While groundbreaking in the 19th century, the first motion pictures were grainy, black-and-white soundless scenes. The oldest known surviving film, Roundhay Garden Scene, was shot in 1888 and lasted just 2.1 seconds at 12 frames per second. Watch it below:
Fast-forward to today’s high-tech movies that are recorded in at least 24 frames per second (and even 48 fps!) and digitally projected onto displays with surround sound to mirror reality, or at least the reality the director envisions. As we approach the Oscars, here’s a look at some nominated films that showcase how rapid advances in technology have pushed the boundaries of film and changed the movie going experience.
The Hobbit, Peter Jackson’s latest take on the works of J.R.R. Tolkien, may have looked different from other movies you’ve seen- Jackson filmed the movie at 48 fps (frames per second) to create clear, clean shots that would normally blur during fast on-screen movements. 48 fps is double the industry standard that has been used for the past 80 years, and while this makes for smooth action scenes and better 3D viewing, some people thought it made the movie ‘too real,’ and “much more like visiting the set...than seeing the textured cinematography of a finished movie,” as one blogger commented. Given the film’s mixed in-theater reviews, it remains to be seen whether 48 fps will gain traction with filmmakers and be adopted on a greater scale. However, the new speed does challenge set designers, makeup artists, and directors to strengthen their craft to create an Oscar-worthy production.
Another advanced technology making movies more realistic is the use of Computer Generated Imagery, or CGI. Although CGI has been used for years in film, the effects have often resulted in unintentionally hilarious, unrealistic shots. 2009’s Avatar paved the way for a more sophisticated use of CGI, and this year’s The Life of Pi is another great example of the varied potential of the technology.

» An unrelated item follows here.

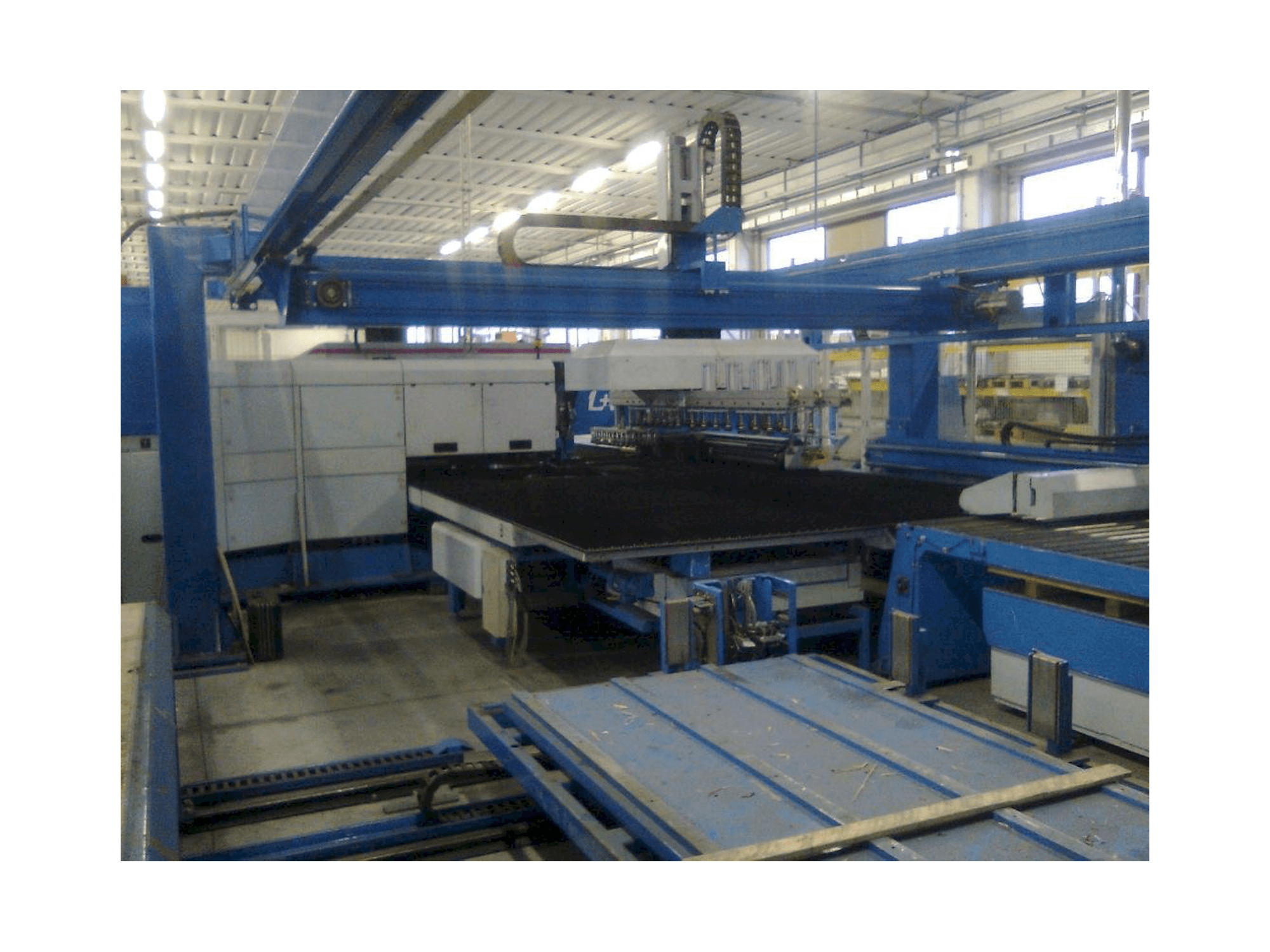 Prikaz stroja Finn-Power LP6 sprijeda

Pictured above, the two main characters of the movie share a small boat. Of course, actor Suraj Sharma couldn’t actually share a tiny boat with his co-star, a Bengal tiger. Resorting to high-quality computer graphics for the majority of the movie allowed the filmmakers much more creative freedom, but the bar was set high to create a realistic CGI tiger. To make this fantastic situation a reality, the animators studied the movements and behavior of 4 live tigers around a mockup of Pi’s boat in an enclosure. They then digitally built up the bones, muscles and fur of their own tiger over the course of a year to make the movie’s unlikely scenario possible. As CGI becomes more advanced, we can expect even more fantastic scenes and scenarios-- like the Tiger, could CGI become so sophisticated one day that we won’t be able to tell the difference between an actor and a digital animation?
Nominated in the animation category, ParaNorman’s innovative 3D stop-motion technology earned praise from creators around the world, and is particularly unique as it is the first stop-motion film to use 3D printers to make the characters’ faces. It’s a fantastic blend of old techniques and new 3D animation technology, that has been pioneered by Dreamworks.
In 2002, Dreamworks’ Shrek won the first ever Academy Award For Best Animated Feature, which was pivotal in opening up the market for high-value animated productions. It takes years and millions of computer rendering hours to make modern animated films, so with the goal of both retaining their talent and upping their output, Dreamworks began to parallelize their software to take full advantage of Intel’s server farms and get faster feedback on work. This way, project managers could have animators and artists work on several different parts of a film at once, greatly reducing production times. And by using InTru3D, a technology that was jointly developed by Intel and Dreamworks 2008, filmmakers can create directly in 3D rather than dealing with a 2D and 3D version of a project.
At the pace filmmaking technology advances, part of the moviegoing experience has become an expectation of a new level of graphics and hyperreality with each release. While older audiences may yearn for the soft blur of analogue film (and there is certainly room for that aesthetic), younger consumers who use HD TVs and tablets to consume media tend to look for the slickest, most vivid flick out there; so studios like Dreamworks, with their massive investment in the best tech available, will be right in front to give ‘em what they want.